Иногда Толя пропадал надолго, и тогда в Москве появлялась очередная версия о его смерти. У меня были телефонные номера, которые он мне оставлял, как он выражался, «на крайний случай». По ним я выясняла, что Толя жив. За него всегда было неспокойно, так как он не имел постоянного пристанища и нигде не задерживался подолгу, опасаясь провокаций КГБ. Работники этого учреждения действительно были к нему «неравнодушны» и при случае пытались напомнить художнику о своём существовании. Нередко Толя появлялся со следами побоев и с грустной улыбкой пояснял: «Опять им на глаза попался».
Бытовая сторона жизни А. Зверева оставляла желать много лучшего. Но, как и подобает большому художнику, он стойко переносил все лишения, так как твёрдо верил в себя, в своё призвание и свой талант. В этом он находил поддержку со стороны друзей и коллег по искусству.

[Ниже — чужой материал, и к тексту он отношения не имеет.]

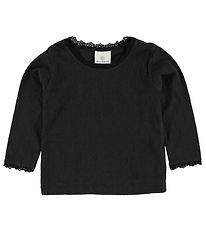 En Fant Blouse - Black w. Pointelle En Fant Blouse - Black w. Pointelle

Толя, узнав о нашем решении эмигрировать из Советского Союза, охотно согласился написать мне дарственную на коллекцию его картин. Он даже сходил со мной в ЖЭК, чтобы оформить бумагу. При этом он сам поражался своему героическому поступку. По дороге он всё время бормотал: «Просто не верится, что я иду в советское учреждение, впервые за двадцать лет, наверное». Однако эта бумага мне не понадобилась, так как в государственной комиссии заявили: «Любые другие авторы, но не Зверев. Его картины не подлежат выкупу. Они за границу не выпускаются». Выручили друзья, и картины очутились на Западе.